▶ **WHAT YOU ARE ASKED TO DO**
Exactly the lines below, starting with the one containing "Item preview, Máquina" and going on through the one containing "ESTUCHE FINTIE TRANSPARENTE", must be reproduced, both ends included, and no pictures with them.

▶ **EXTRACTED RECORDS**
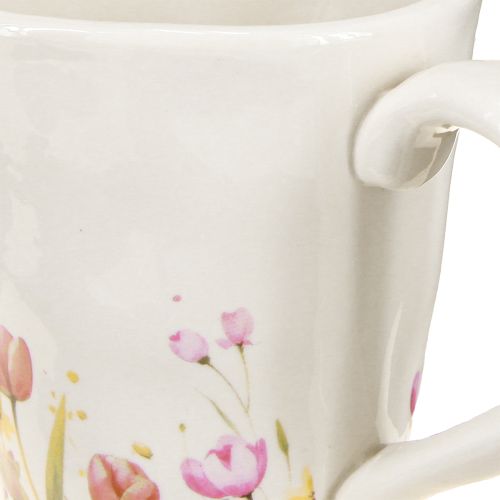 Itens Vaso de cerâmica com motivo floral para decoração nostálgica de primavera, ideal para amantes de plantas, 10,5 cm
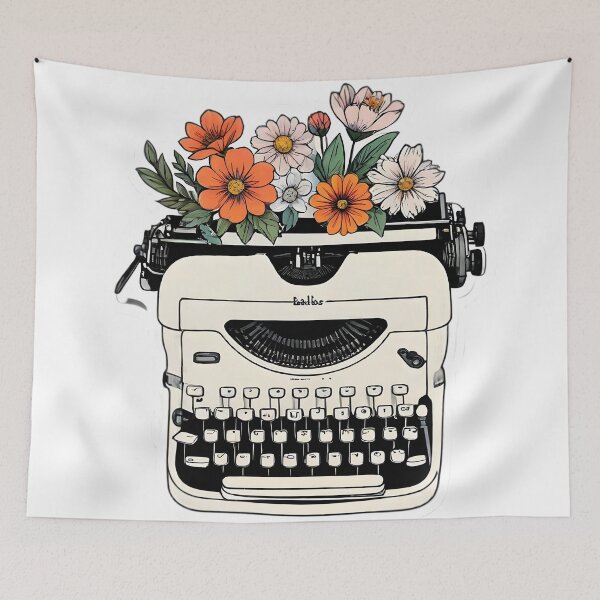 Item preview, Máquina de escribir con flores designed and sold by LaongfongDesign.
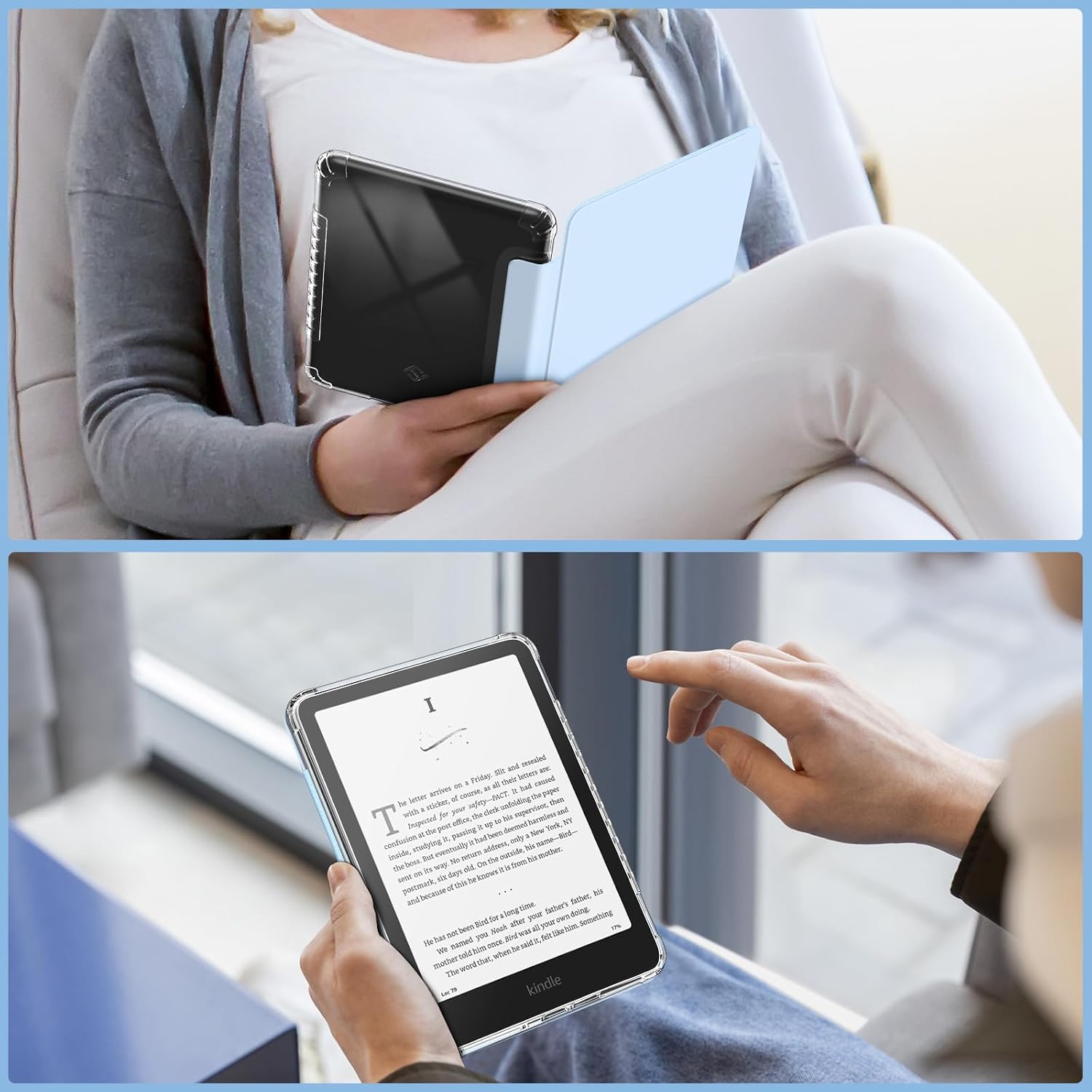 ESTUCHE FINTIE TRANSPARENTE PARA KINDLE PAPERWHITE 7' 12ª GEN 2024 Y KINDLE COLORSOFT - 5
---
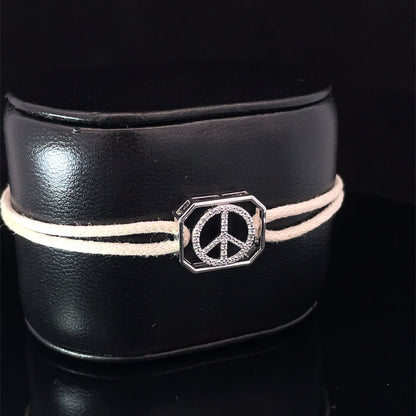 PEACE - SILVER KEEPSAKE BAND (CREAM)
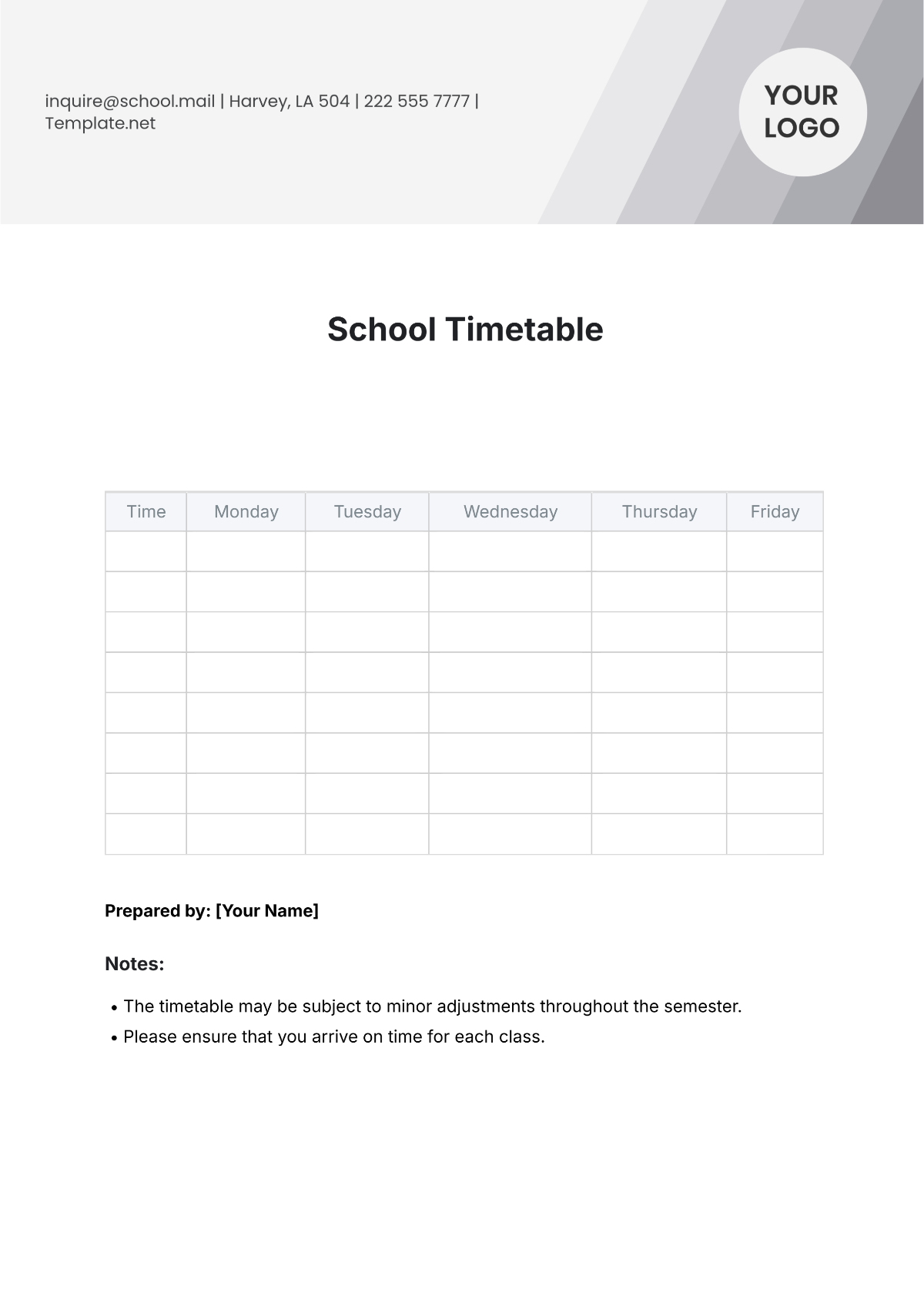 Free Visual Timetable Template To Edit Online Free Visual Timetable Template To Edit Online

▶ **EXERCISE RESULT**
 Item preview, Máquina de escribir con flores designed and sold by LaongfongDesign.
 ESTUCHE FINTIE TRANSPARENTE PARA KINDLE PAPERWHITE 7' 12ª GEN 2024 Y KINDLE COLORSOFT - 5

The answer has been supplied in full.